To define a discrete distribution over numeric node outcomes, use DSL_discDef::SetPointValues. The example below assumes that node has three outcomes:

int handle = …

auto discDef = net.GetNode(handle)->Def<DSL_discDef>();

discDef->SetPointValues({ 3.14, -2.78, 77 });

The three numeric values in std::initializer_list (overloads with DSL_doubleArray and std::vector are also available) will be associated with existing node outcomes. In contrast with SetIntervals, SetPointValues requires its first parameter to have the number of elements equal to the number of node outcomes (it will not add or remove outcomes). There is also no requirement for ordering point values. The identifiers of the outcomes will not be modified, as nodes with point values always require outcome identifiers.

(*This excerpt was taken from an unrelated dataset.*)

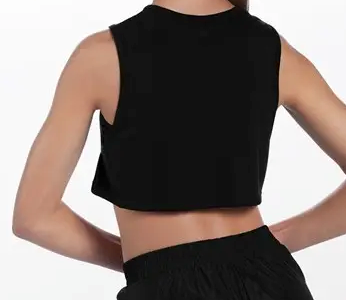 Judi T. Boxy Sleeveless Flowy Crop Top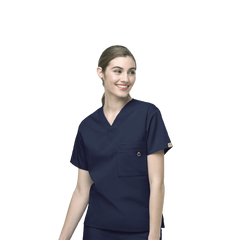 NNT Unisex Wonderwink Alpha Scrub Top Relaxed Fit Work Nursing Hospital CATRBT- Bannav S Bannav LLC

Outcome modifying methods like AddOutcome, InsertOutcome or DeleteOutcome work normally when node has point values. New outcomes will have their point values initialized to zero. The point values can only be changed all at once with another SetPointValues call.

Other methods in the DSL_discDef for working with point values are HasPointValues, GetPointValues and RemovePointValues.

With point values defined, it is straightforward to calculate the mean and standard deviation for the marginal probability distribution over the outcomes of the node. To retrieve the mean or the standard deviation, call GetMean or GetStdDev respectively on the node value object.

Point values do not allow for continuous evidence in the discrete nodes. Calling SetEvidence(double) will fail, even if the parameter is equal to one of the defined point values.